The working group have now released interim proposals. It remains concerned that executive pay has steadily increased while share price performance over the long-term has been static, there is disparity between executive and all-employee pay and reward for failure still persists.

Key areas for discussion

Areas where the working group believes that changes can be made to address these problems are:

Transparency – retrospective reporting of targets (and performance against them) needs to be encouraged more, as should any use of Remuneration Committee discretion

Engagement – shareholders need to become more engaged in pay rather than leaving this to consultants (or proxy houses) on whom they rely. Greater transparency might lead to greater interest from shareholders

Accountability – Remuneration Committees should be more accountable for outturns (and the total annual fee income of a remuneration consultant should be disclosed, not just the annual fee income from remuneration)

Flexibility – moving away from a default tendency to benchmark against median and follow market practice to liberate Remuneration Committees to award what they think is appropriate in a way that they think appropriate, provided this can be justified on a case by case basis and provides better alignment between executives, company performance and shareholders.

It is in this final area that the working group is particularly interested in working out how practice can be changed. It wants to move away from a near-universal usage of a 3-year LTIP, though recognises that a longer period can have the detrimental effect of constituting too remote a target for executives and a shorter period can also have undesirable consequences. Quantum is also an issue. As part of this, the report recognises that the new complexities that have in recent years become associated with pay, eg holding periods, clawback etc have possibly led to executives being able to negotiate higher award levels.

The paper then discusses the pros and cons of a 3-year LTIP, bonus deferral, pre-grant only performance conditions and the straightforward vesting of shares simply based on continued employment for a set period (and no performance conditions). The consultation seeks views on their relative simplicity and suitability.

Particular points made are:

  • removal of performance conditions should lead to lower quantum (and the paper questions what that discount rate should be – a discount rate of up to 50% is suggested)
  • whether the current prohibition on directors selling shares until 5 years after award needs to be moderated so that there is phased vesting between years 3 and 5
  • whether holding shares worth 500% of salary is a reasonable shareholding target, and
  • finally, whether a genuine financial performance underpin is needed before any variable remuneration payment can be made. The paper recognises that this may involve Remuneration Committees having to exercise more discretion, and indeed that there is a general point here in that, if there are to be more company-specific arrangements and more discretion in operating them, Remuneration Committees will need to be braver and shareholders will also have to trust them.

Next steps

Next steps are various roundtables to be followed by a publication in early summer 2016 of the final proposals, which are expected to be reflected in revised Remuneration Guidelines later this year.
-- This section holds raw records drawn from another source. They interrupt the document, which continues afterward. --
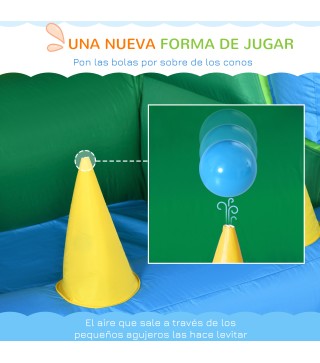 Castillo Hinchable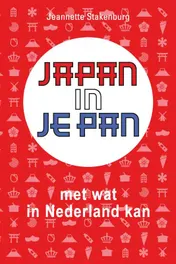 Omslag van Japan in je pan
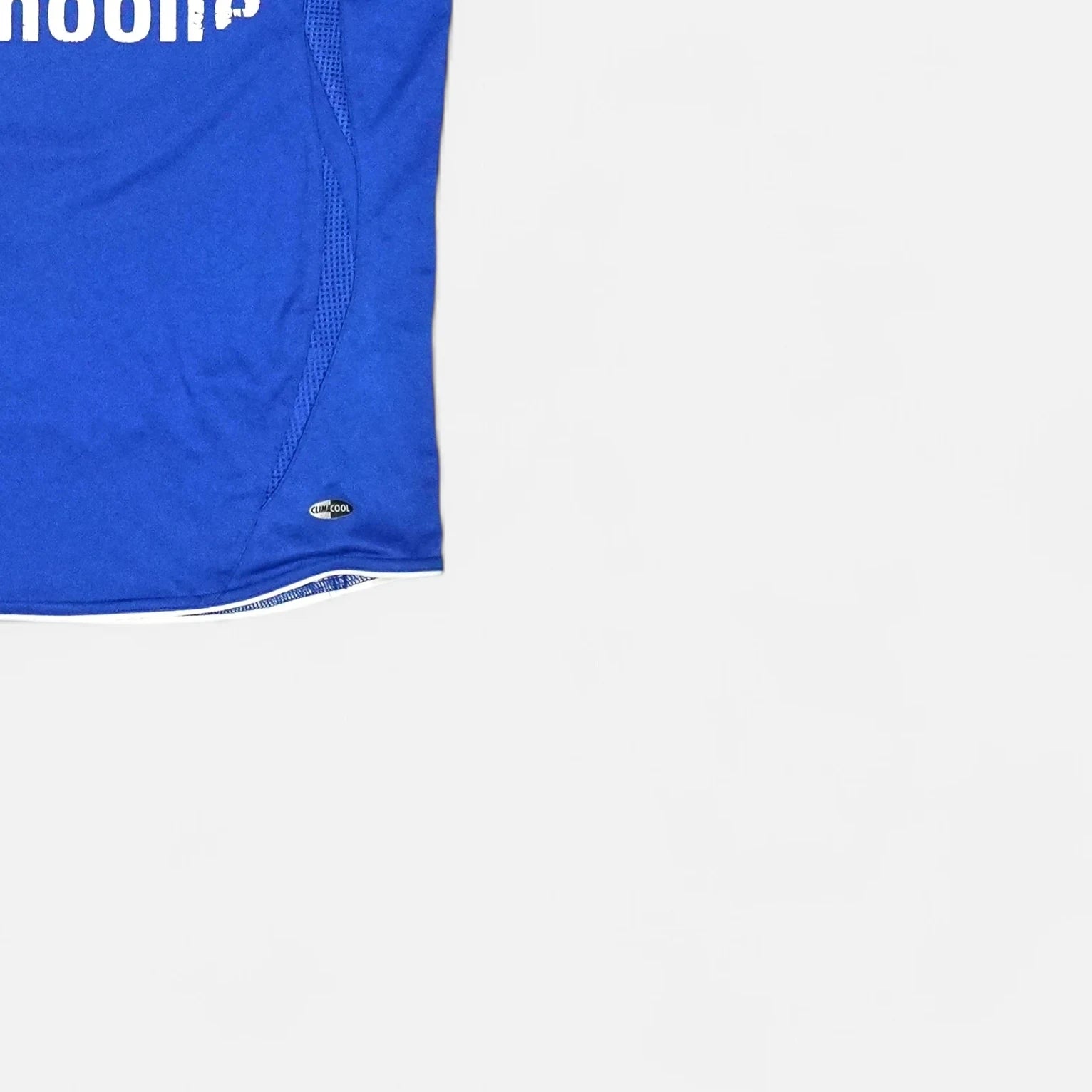 Chelsea Fc Joe Cole 2006-2008 Adidas Home Jersey (S)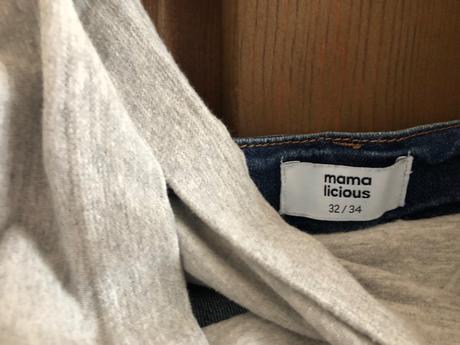 Tehotenské rifle next mamalicious, next,xl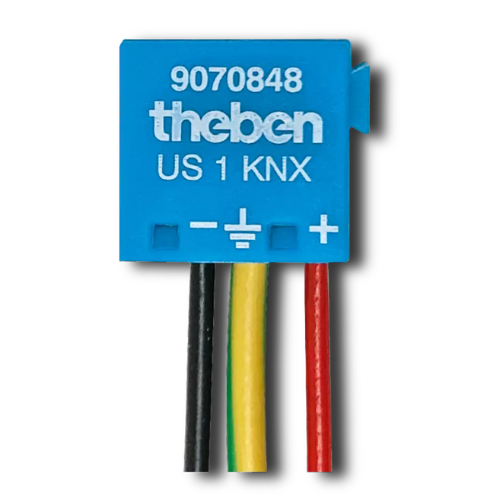 Theben 9070848 US 1 KNX Surge Arrester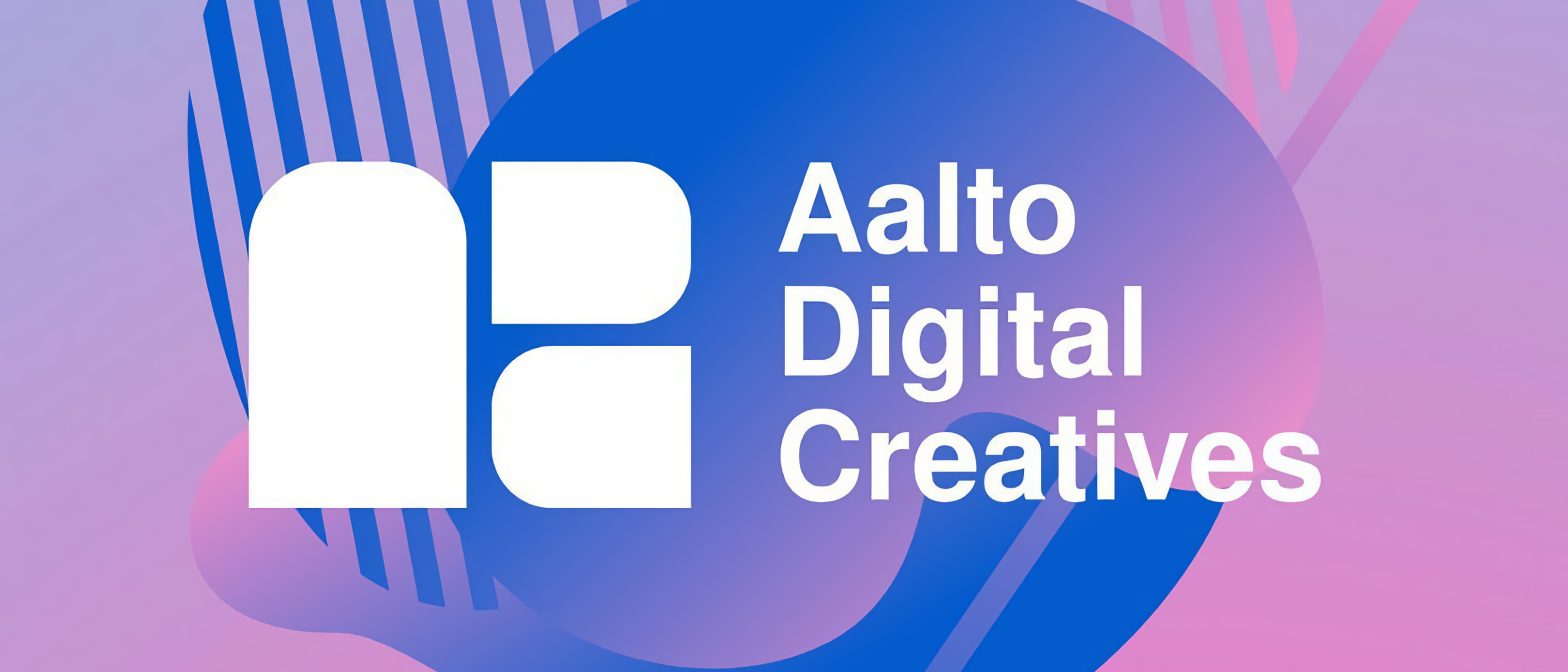 Banner for Aalto Digital Creatives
The undoubted aim is then to try to start influencing the shape of executive remuneration and particularly remuneration proposals put to shareholders from 2017 onwards. No changes to legislation are suggested to implement any of the proposals.

Simplification is a goal of many projects, and it would not be the first time that competing objectives and investors’ and companies’ own behaviours delay or scupper changes to implement what is on any basis a sensible objective. The simplification project started last year ahead of the series of investor protest votes on remuneration which have been seen over recent months, but the tension this year can only give the project greater impetus. If any change occurs, however, it is likely that it will take many years for companies and their shareholders to feel confident about using new freedoms.